Lecture VI Supersecondary Structure continued. b Domains and a/b
Domains. The Collagen Helix.
Reading assignment: Branden-Tooze II, Chapters 4 and 5
[Next 3 lectures: Dan Raleigh on Protein Folding]
B. b Domain Structures
We now turn to b structures in proteins. They are about as frequent as a helices in proteins, involving approximately 30% of all amino acyl residues. b structures occur in several distinct subgroups. (Recall that an equal fraction of amino acids are components of reverse turns) A familiar example is the Anfinsens RNAse whose core is made up by an antiparallel b sheet. As we stressed in the case of helices, it takes more than an an individual helix to form a protein core, and to a large extent this also true for b sheets; usually this is accomplished by packing two sheets together. Individual b strands have a right-handed twist; therefore sheets made of b strands in either the parallel or antiparallel fashion also show this torsion. Viewed across, perpendicular to the strands, the twist is a left-handed one.
1. Antiparallel b structures:
The simplest way to build a larger structure from individual b strands is aligning antiparallel strands that are connected by reverse turns. (If other connections are allowed even a simple sheet containing only 4 strands can be built in 24 different ways!
(a) b -Barrels:
Up/down barrels: These are special cases of the antiparallel sheet. The simplest topology arises from the addition of successive b strands connected with hairpin loops, until the barrel is closed and the last strand is joined by hydrogen bonds to the first strand. Alignment of individual strands is antiparallel.

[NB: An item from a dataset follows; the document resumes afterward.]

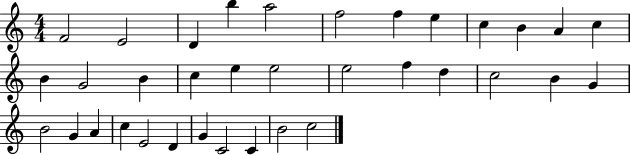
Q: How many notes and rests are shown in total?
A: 35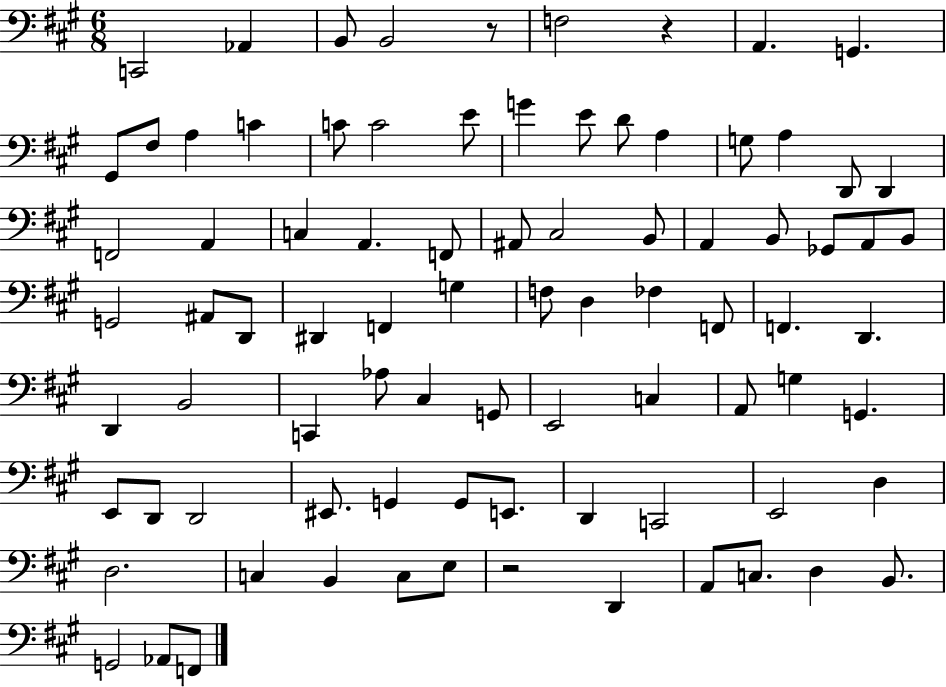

The barrel can also be viewed as composed of two b sheets that cling together through hydrophobic interactions much as 2 slices of bread in a peanut butter sandwich. [An example is retinol-binding protein. This protein transports retinol - vitamin A, from the liver to the tissues requiring it. It transports a single molecule of retinol to the periphery and is degraded after a single use. The hydrophobic interior of the barrel provides a binding site for the hydrophobic ligand solubilizing it in the bloodstream. In general this kind of barrel seems to be particularly suited to act as containers for a variety of hydrophobic ligands. In most instances 2 antiparallel sheets constitute the barrel; but barrels can be more complex, as in the case of neuraminidase from influenza virus in which six sheets participate (show).]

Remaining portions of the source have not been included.